> _What you are asked to do_:
The answer must be the full data, restated word for word, with no pictures in it.

> _Data provided_:

================

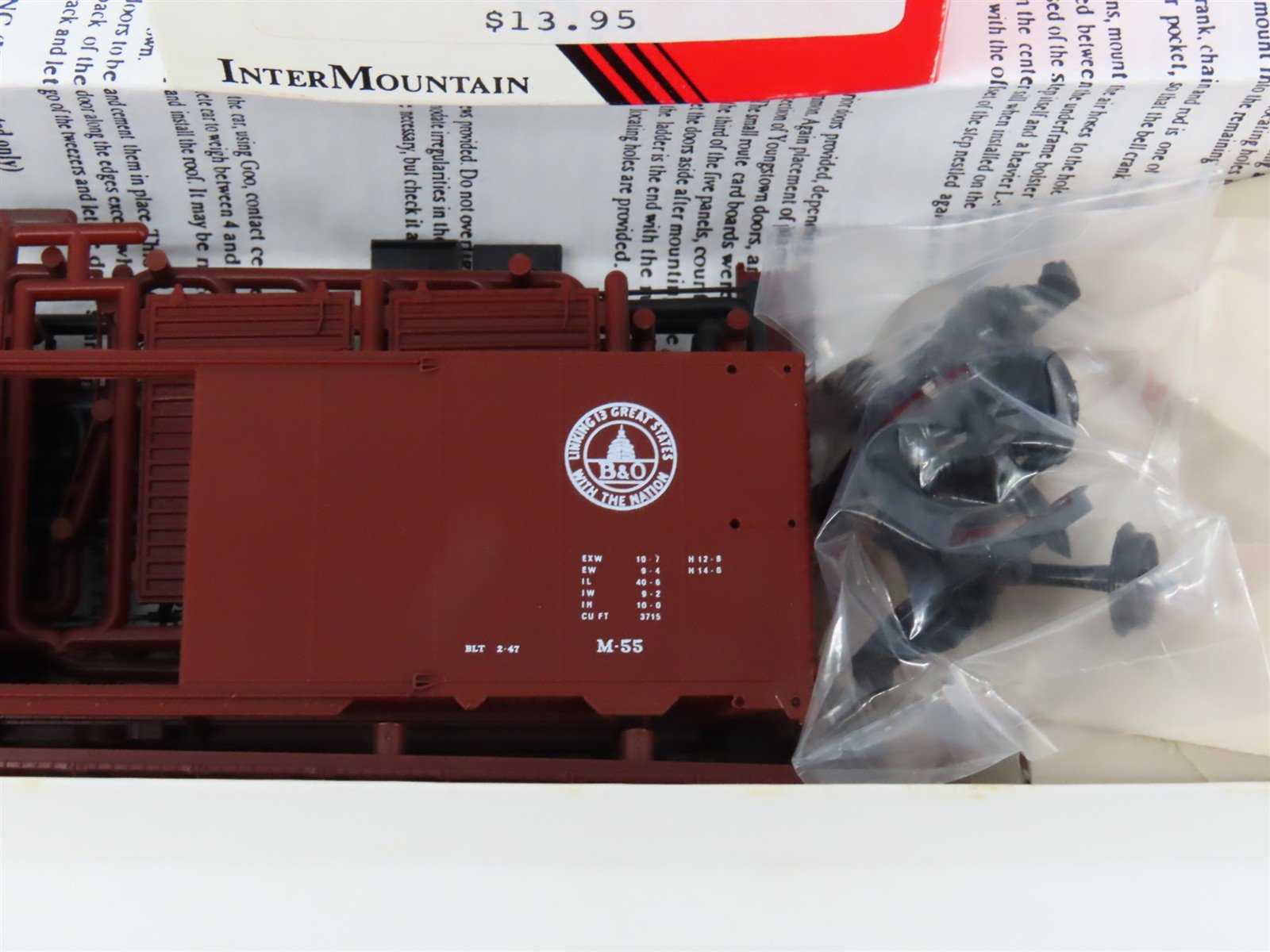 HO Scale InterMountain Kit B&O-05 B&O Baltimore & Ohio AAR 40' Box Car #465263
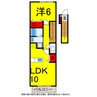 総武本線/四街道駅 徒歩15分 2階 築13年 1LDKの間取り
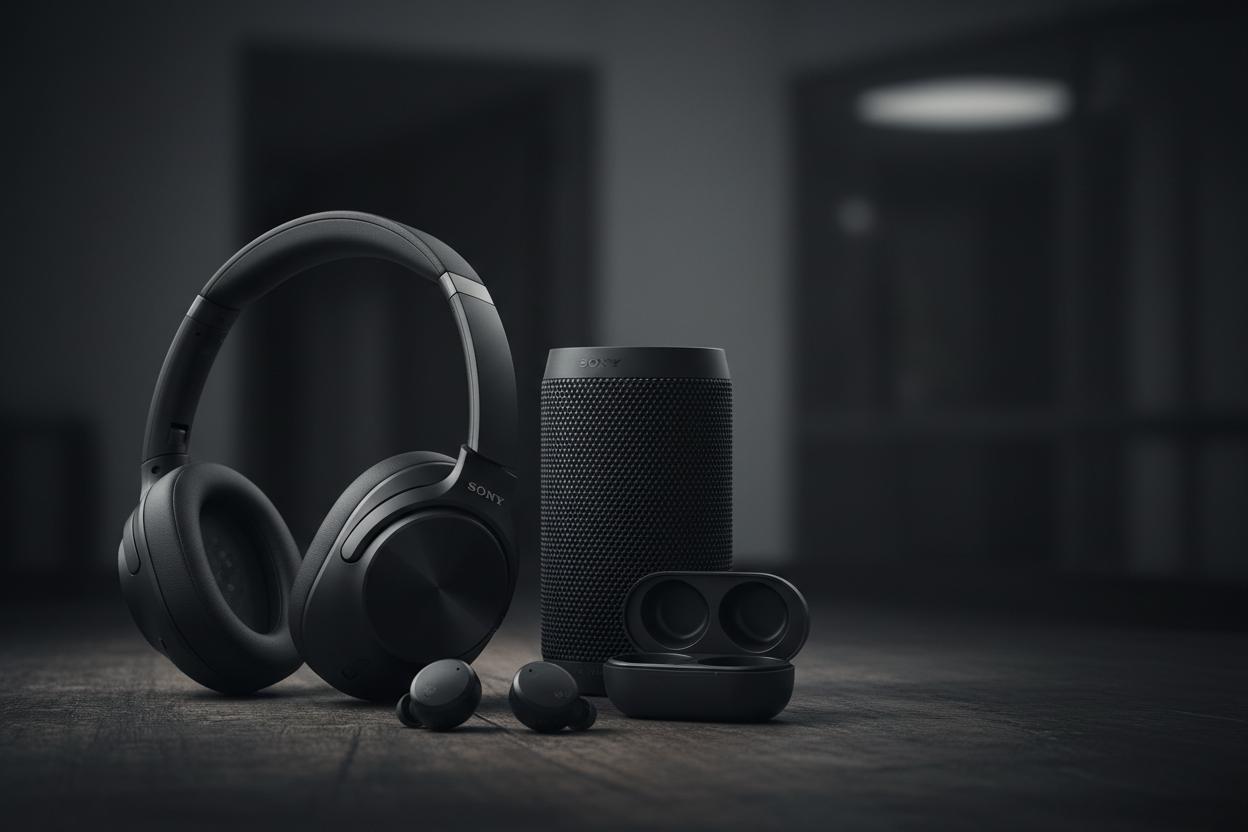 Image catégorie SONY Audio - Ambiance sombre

================

> _Output of the exercise_:
 HO Scale InterMountain Kit B&O-05 B&O Baltimore & Ohio AAR 40' Box Car #465263
 総武本線/四街道駅 徒歩15分 2階 築13年 1LDKの間取り
 Image catégorie SONY Audio - Ambiance sombre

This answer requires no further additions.